Defining “resource-efficient” testing
The studies listed in Table 2 emphasize the need to combine different types of data about a chemical's properties with information about the resource use for generating these data. Also in the earlier literature on chemicals' testing and safety evaluation, “resource-efficiency” 43 or “cost-effectiveness”44,45 were frequently proposed as targets of a modern approach to toxicity testing and safety evaluation. However, the meaning of these terms in the context of the development of testing strategies has not been concretized. The term “efficiency” or “resource efficiency” is a key economic decision criterion for guiding the allocation of scarce resources. In the economics literature, “resource efficiency” denotes an allocation of resources that allows achieving a given outcome target with a minimum of resources. 32 Assuming that the ultimate goal of toxicity testing is to allow for adopting better-informed decisions upon chemicals use, toxicological testing requires a variety of resources, in particular appropriate laboratory equipment or computational capacities, manpower, laboratory animals, and time. Clearly, resource use depends on the toxicological effect of interest (the so-called endpoint). The challenge is, therefore, to distribute available resources such that a maximum of output—e.g. a hazard information—can be achieved, or, to use a dual formulation, that a certain information outcome can be achieved with a minimum of resources. 46 Thus, efficient or optimal testing can be characterized as a process wherein a maximum of information is achieved at the lowest cost. In the context of chemicals testing, we propose to base efficiency evaluations on the following operational criteria:
Efficiency evaluations of individual testing methods and testing strategies require, first, to specify information gains and costs. Then we need to select appropriate quantifiable parameters for both components. Information gains can be quantified by different metrics. For example, a testing method's information outcome can be characterized in terms of its predictive accuracy, describing “the closeness of agreement between test method results and accepted reference values.” 85 Common metrics, in the simple case of a dichotomized outcome, are sensitivity (being the proportion of hazardous substances correctly classified as hazardous by a testing method) and specificity (being the proportion of nonhazardous substances correctly classified as nonhazardous by the testing method). In addition, information gains from testing can be characterized by a testing method's reliability, denoting its ability to reproduce within and between laboratories over time and usually expressed in terms of a testing method's intra- and inter-laboratory reproducibility. Finally, information about the coverage of specific key events in the AOP of a particular in vivo adverse outcome by a specific testing method is important in order to quantify the informational gains from testing.
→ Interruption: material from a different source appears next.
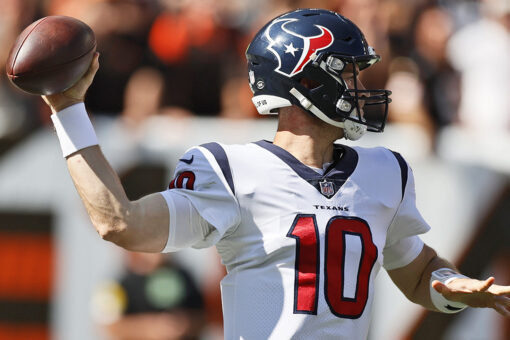 Texans’ Davis Mills throws first career TD pass after subbing for Tyrod Taylor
Testing costs can be distinguished into direct and indirect costs. Direct costs consist of (i) laboratory equipment or computational capacities for conducting a testing method, (ii) laboratory animal welfare loss (in case of an animal test), and (iii) testing time. Indirect testing costs include, for example, expenditures, resources, and time needed for the validation of a (nonanimal) testing method, or switching costs in cases wherein new technologies have to be adopted. 46
The evaluation of resource efficiency can be based on five key criteria. First, the purpose of the assessment, for example a classification or labeling, a hazard or a risk prediction, should be spelled out. Second, efficiency evaluations require defining a mechanism to balance information gains from testing and the costs of this test. This, third, requires specifying how information gains and costs are valued. Basically, two possibilities exist: a monetary and a nonmonetary valuation. In case of a nonmonetary valuation, information or cost parameters are expressed in terms of their natural units (e.g., the proportion of positive chemicals correctly classified or the number of animals used in a test). A monetary assessment requires transferring information or cost parameters into monetary (e.g., Dollar or Euro) values. Although direct costs, that is, expenditures for conducting a test, are usually expressed in monetary terms, a monetary valuation of other cost components (e.g., animal welfare loss) is less common and often not wanted due to, for example, ethical concerns. 47 Likewise, a monetization of test outcomes, in particular the expected gains and losses arising from decisions that are based on these outcomes (e.g., health and environmental benefits and costs from a continued use of a substance), is often not straightforward due to the absence of market-based values.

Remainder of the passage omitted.